Review: Easter Snap
Directed, filmed, and edited by RaMell Ross. US, 2019, 13 min.
Free to view at fieldofvision.org.
“It’s about something that happened when I was shooting Hale County,” explained filmmaker RaMell Ross, describing the relation between his short film Easter Snap and his sole feature to date, Hale County This Morning, This Evening (2018) during an interview with Filmmaker Magazine back in February. “But one of the rules for Hale County was no scenes, only shots or moments.” Easter Snap, in contrast, is just that—a “scene”—one focused, continuous, and containing great cumulative effect. Five men in Alabama, flanked by greenery in nearly every direction, walk into frame and begin to “resurrect the homeland ritual” of traditional hog processing—all quite unaware of the challenges about to encroach upon them, which like the film itself are intimate, fraught, and vital. And while the physical action Easter Snap depicts, “hog processing”, is a relatively unspectacular one, it is nonetheless demonstrative of true expertise, as well as of significant historical knowledge—and given that, Ross quickly finds symbols and suggestions of larger black American experiences within it. If pushed to find a comparison point, I might note that in all those qualities, Easter Snap is somewhat reminiscent of the formalist nonfiction portraits made by fellow contemporary American film artist Kevin Jerome Everson. But really, comparison points do it no justice: Ross’ new film is very clearly borne of his own cinematic language and impulses. The director emerges here not just as the authorial voice, but also as a crucial element of the dramatic interplay depicted in the “scene” itself.
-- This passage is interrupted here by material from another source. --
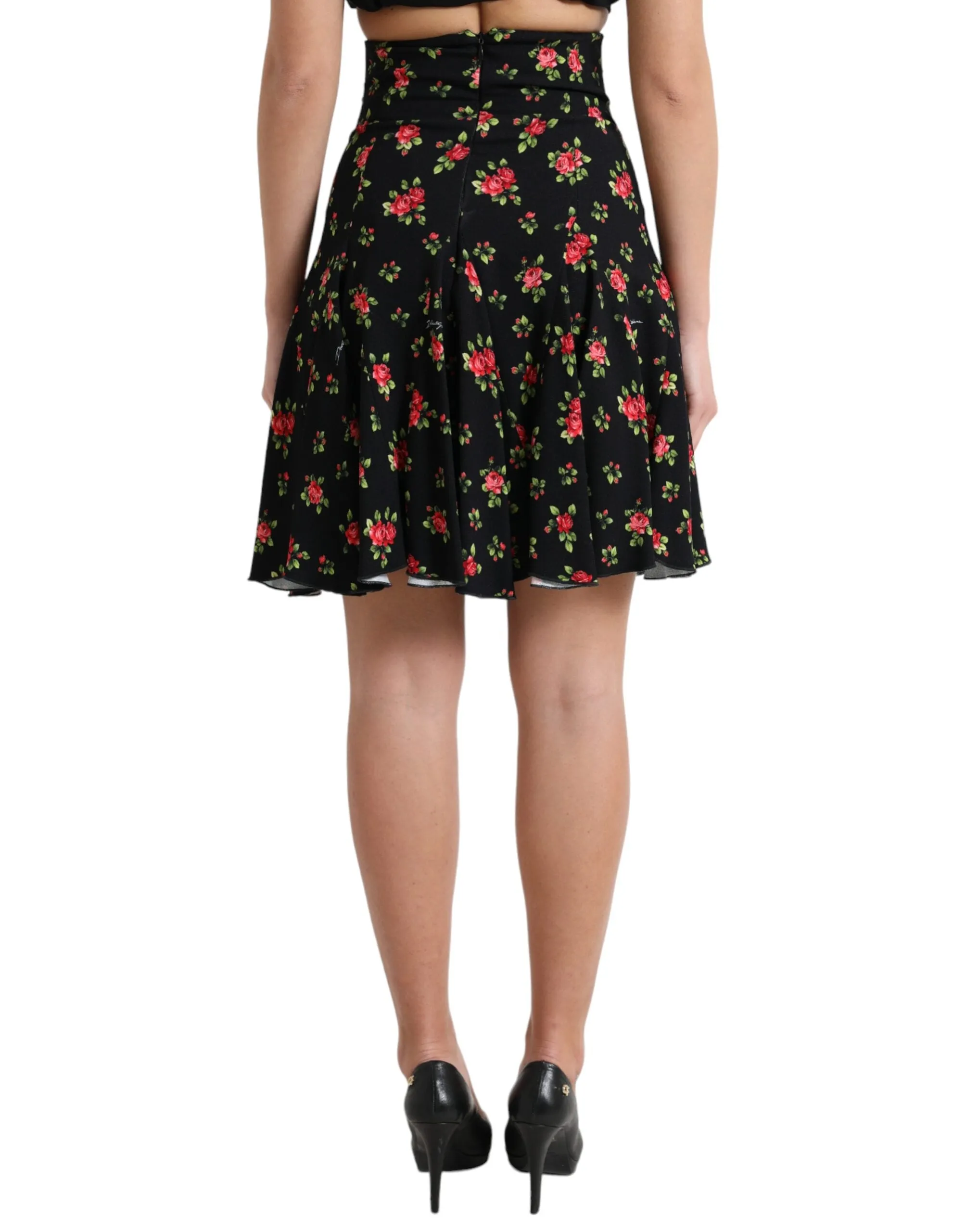 Floral A-Line Mini Skirt with High Waist sold by Louxly product image thumbnail 3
For the sake of a closer reading, I’ll be describing Easter Snap in full; if you’re so inclined, perhaps break off here to watch it now.
Introduced first is the landscape itself, patchy green earth and barren trees, surrounding a long one-story building and a shack in the back. Heavily accented voices are heard creeping up on the space from offscreen, then five people enter the frame, all older black men, all pulling a slaughtered hog by a rope they share the weight of. From there Ross offers a compressed depiction of the process (or at least its first steps), using a mixture of close-up insert shots and farther-off compositions: The hog is raised up, carefully shaved, and wrapped in cloth—a pattern of American flags from various eras, one of many links the film creates between the present and the ostensibly antiquated past—while cauldrons and barrels off to the side overflow with steam, and branches are stomped for the sake of a brushfire nearby (their snapping becoming a primary element of the audio track). In one of the insert shots, we see the fire itself for a second or two, and perhaps notice a pill bottle, prescription, empty, burning in the center.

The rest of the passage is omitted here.